#### SUPPLIED MATERIAL ####

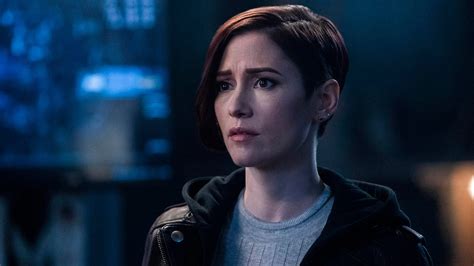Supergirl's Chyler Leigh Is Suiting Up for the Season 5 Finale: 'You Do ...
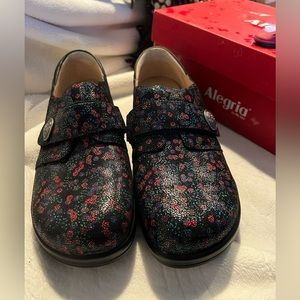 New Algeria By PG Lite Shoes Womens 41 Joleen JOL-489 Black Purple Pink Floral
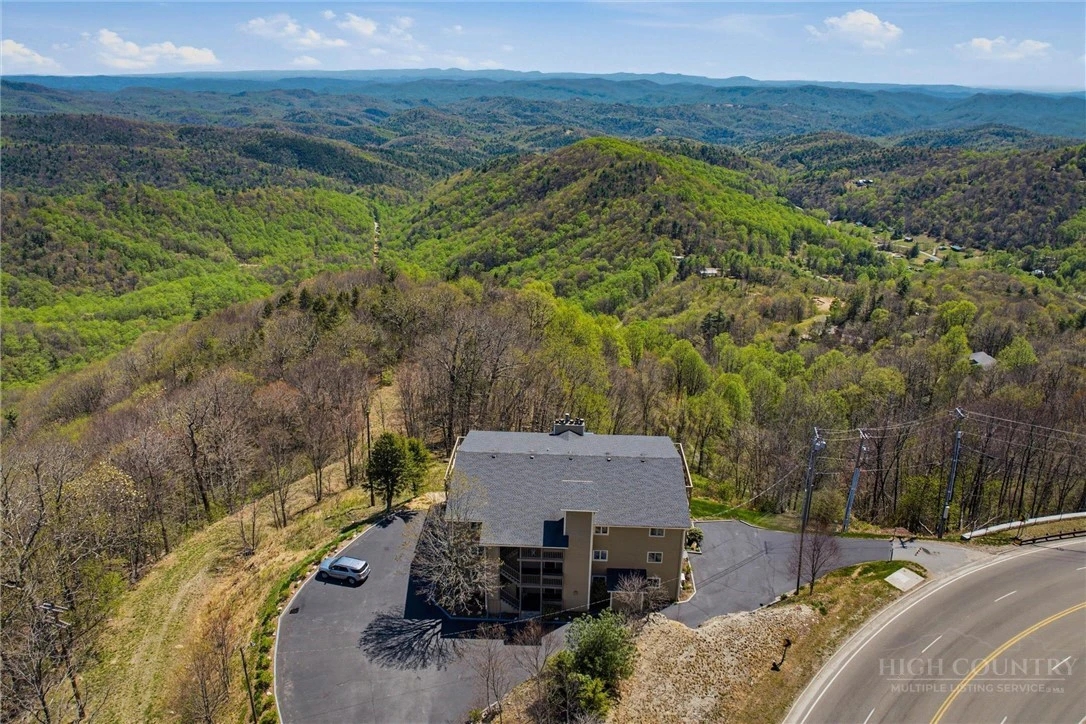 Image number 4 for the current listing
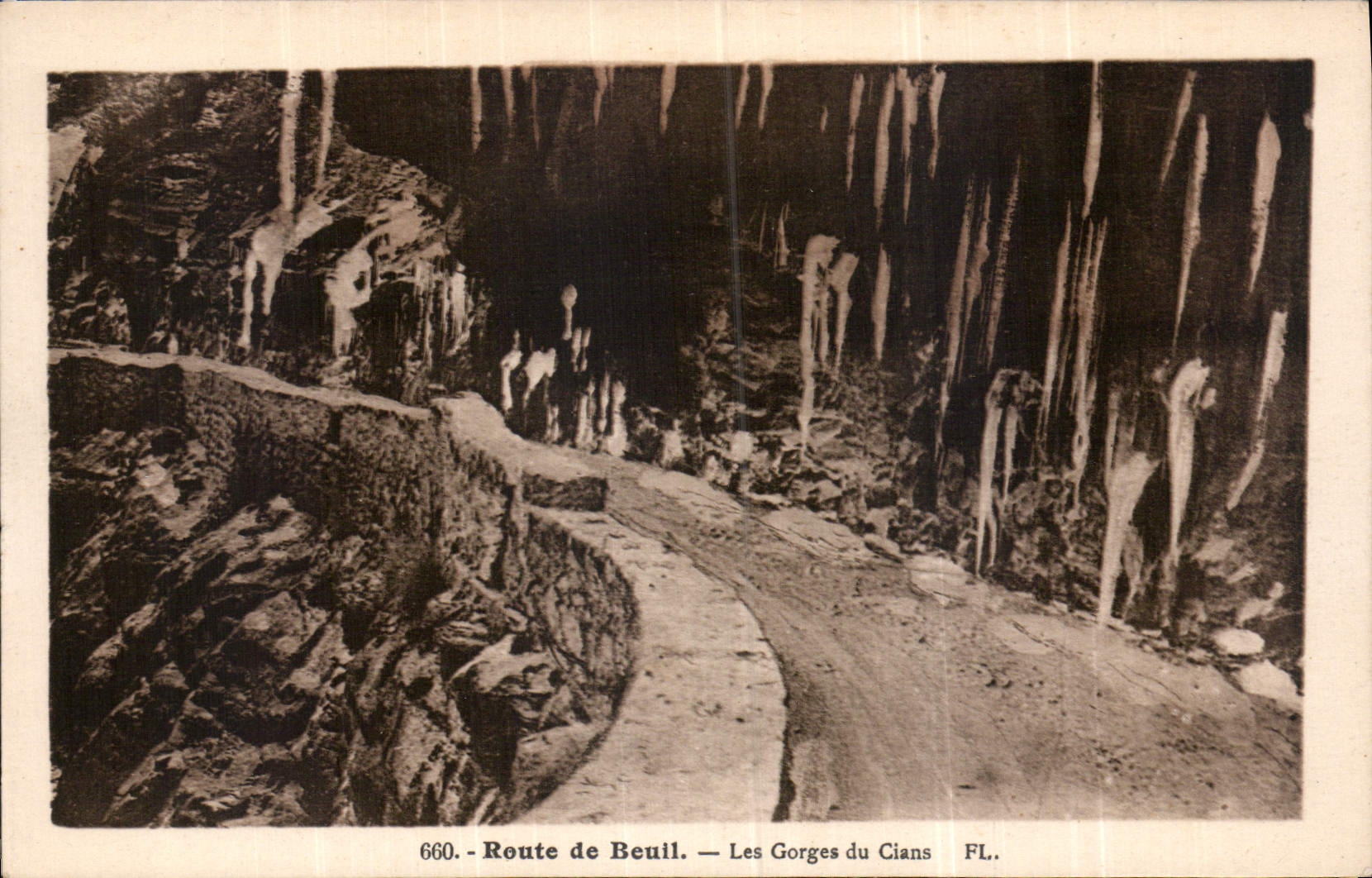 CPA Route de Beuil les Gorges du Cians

####

Please reproduce the material above word for word, without its images.

Supergirl's Chyler Leigh Is Suiting Up for the Season 5 Finale: 'You Do ...
 New Algeria By PG Lite Shoes Womens 41 Joleen JOL-489 Black Purple Pink Floral
 Image number 4 for the current listing
 CPA Route de Beuil les Gorges du Cians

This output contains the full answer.